To repeat – the point of good writing is to be clear, unambiguous and lucid.
Not a KPI in the bunker.
Yes, English is a bastard language. I remember in school, when I was about 10 or 11, my English class had a Dutchman as teacher. He had served in the WW2 RAF as a Spitfire pilot shooting down V1 flying bombs. Anyway, he was reading us something when he came upon the word slaughter. He pronounced it like laughter, which of course prompted the class to do just that. He was quite nonplussed. We had to teach him. I guess if he’d heard the word before (and no doubt had) he might have thought it’s spelling would be slawter.
Natives suspicious of Germans pretending to be English or Dutch underground used Scheveningen as a shibboleth.
All is well with MSM reporting of news to their audiences. Truly becoming a dumbed down nation. I’m in my 70’s – can recall fondly discussions on then current news. One might end up saying “that’s rubbish” or “obviously you don’t read enough” but all amicable and with continuing friendship.
Very different now – allegiance to party line (unstated) with no thought of discussion. Plus many oldies have no further interest in politics. Vote for same party – it’s easier.
Liked the poster at beginning of article. Species extinction? What’s that? Local gardeners (seem to be half half) complain of magpies, galahs, blackbirds disturbing their gardens etc etc. I’m sure the roundup sprayed around will aid in depleting bird numbers. As for small mammals – don’t see them, don’t worry.
Getting to a stage in life where nature and animal life more vital to save than human life.
Back to MSM – totally on side with neolib economics. Just watch the anti-Labor slants coming daily now.
No surprise, Australia like the US and UK shares Anglosphere ‘architecture’ quietly built over past generation or so, like a triangle of influence and ‘culture’.

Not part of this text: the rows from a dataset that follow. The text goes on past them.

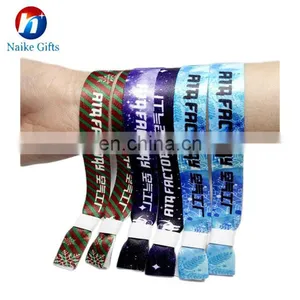 Custom Cheap Festival Woven Wristbands / Polyester Wristband / Fabric Wristbands thumbnail-1
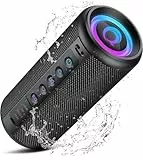 dotn Bluetooth Lautsprecher, 2026 Musikbox Bluetooth 5.4 mit RGB Licht, Tragbare Bluetooth Box, Freisprechfunktion, IPX7 wasserdicht, kraftvoller Sound für Outdoor, Garten und Reisen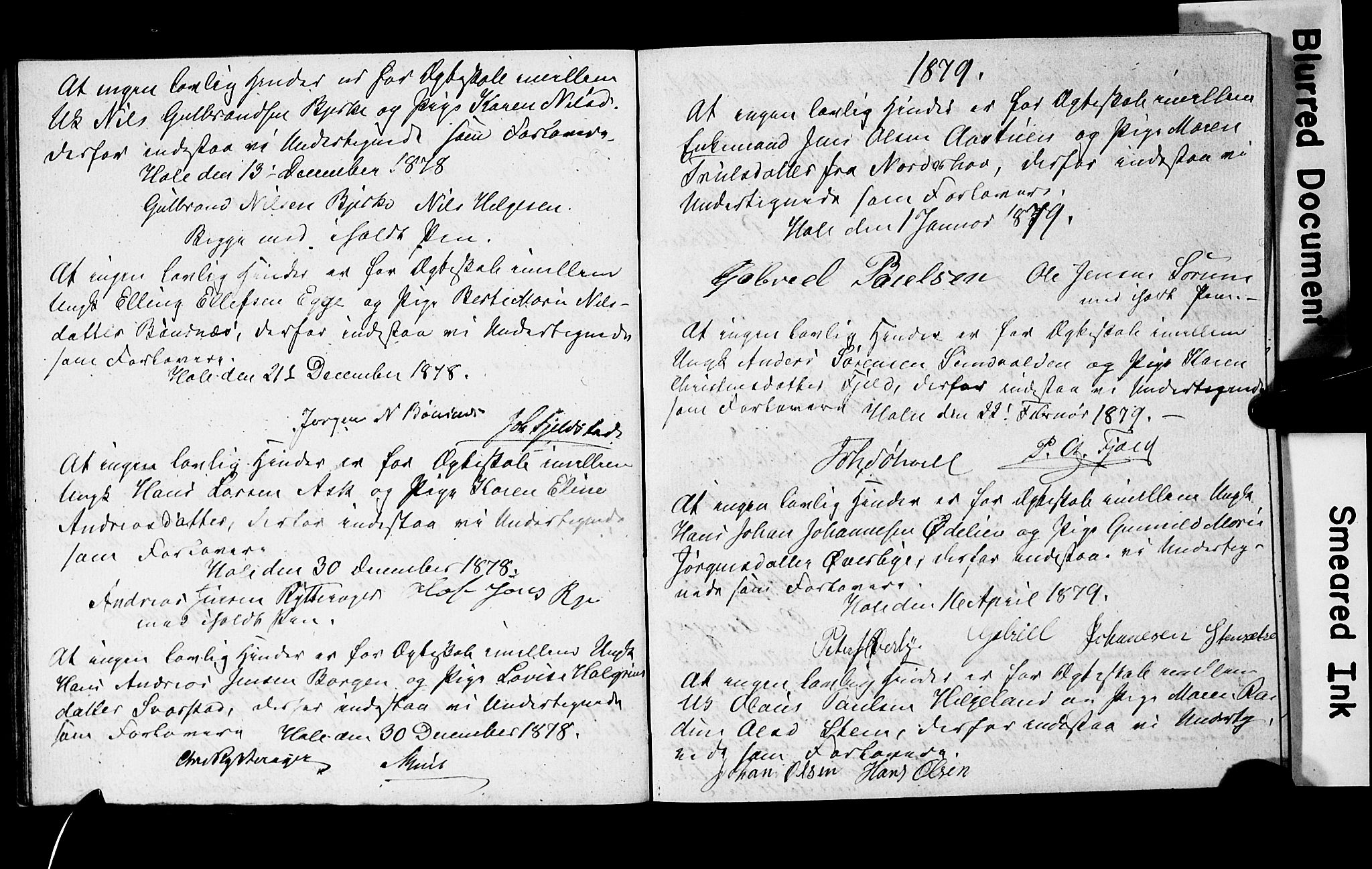 Hole kirkebøker, SAKO/A-228/H/Hb/L0001: Forlovererklæringer nr. 1, 1855-1904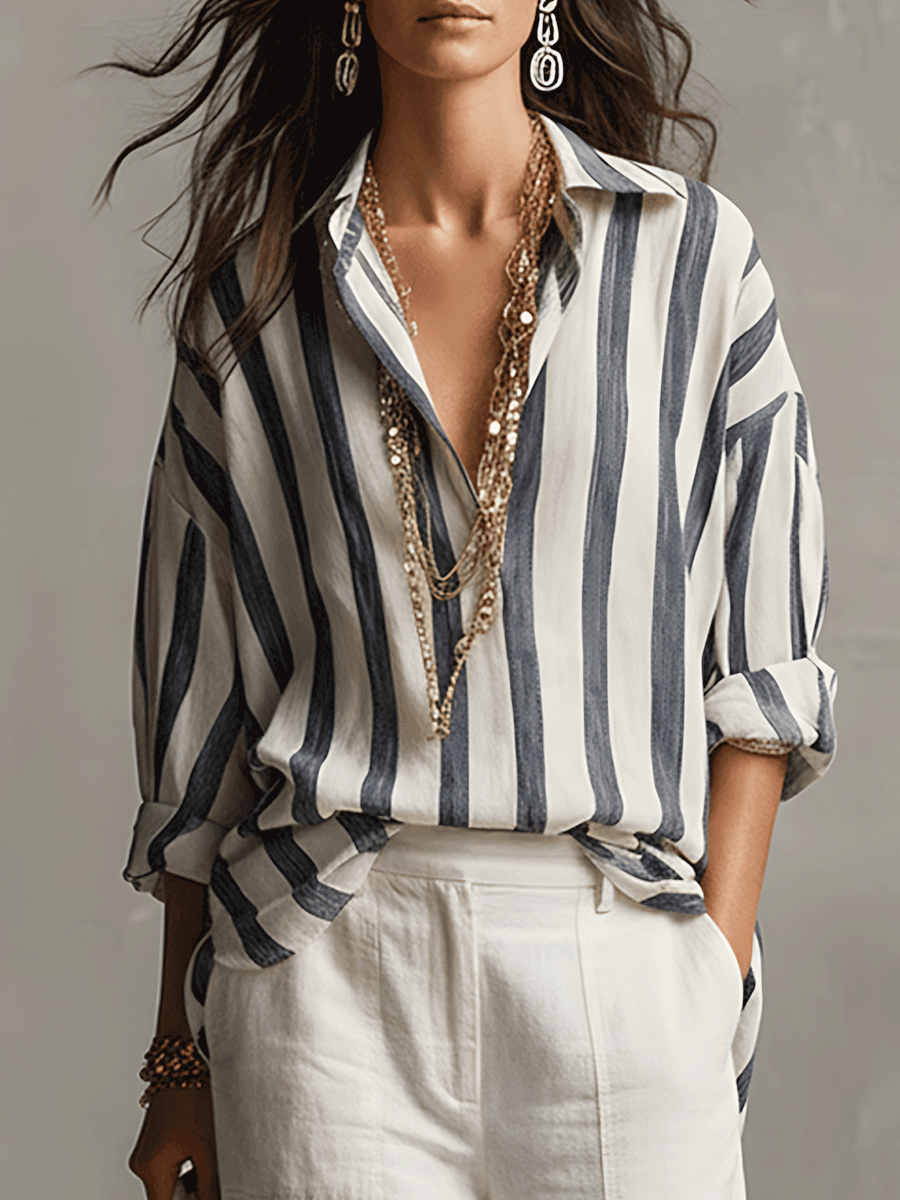Genevieve | Casual Striped Cotton And Linen Long-Sleeved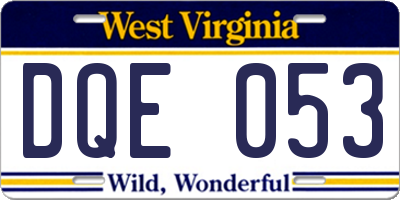 WV license plate DQE053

This includes coordination of Koch think tanks promoting radical right libertarian socio-economic policy (with a whiff of eugenics) including climate science denial, trashing unionised workplace etc., based upon ‘public choice theory’ of James Buchanan, and in a parallel universe the old ZPG types with alt right dog whistling ‘immigrants’ or ‘population growth’ as the cause of environmental degradation (avoiding constraints on fossil fuels), stagnant wages etc.; supported by legacy media messaging, corrupted parliaments and autocracy.
Brexit was a clear example of the ‘one two’ tactics, first one Leave campaign of Johnson/Gove did the dodgy economic PR or agitprop (350 million quid back to the NHS, global Britain etc…..), then the other with Farage coming in with the ‘immigration card’, being overrun by Muslim or EU immigrants, then Johnson joins in about Turks pouring in….. more than enough for ageing voters to agree with.
Thank you. After COP26 I can no longer believe that the federal LNP is not bought by coal, gas and oil. Ozgov has been utterly appalling. I will hold them accountable on the next superhot summer, the stronger cyclone, the bushfires.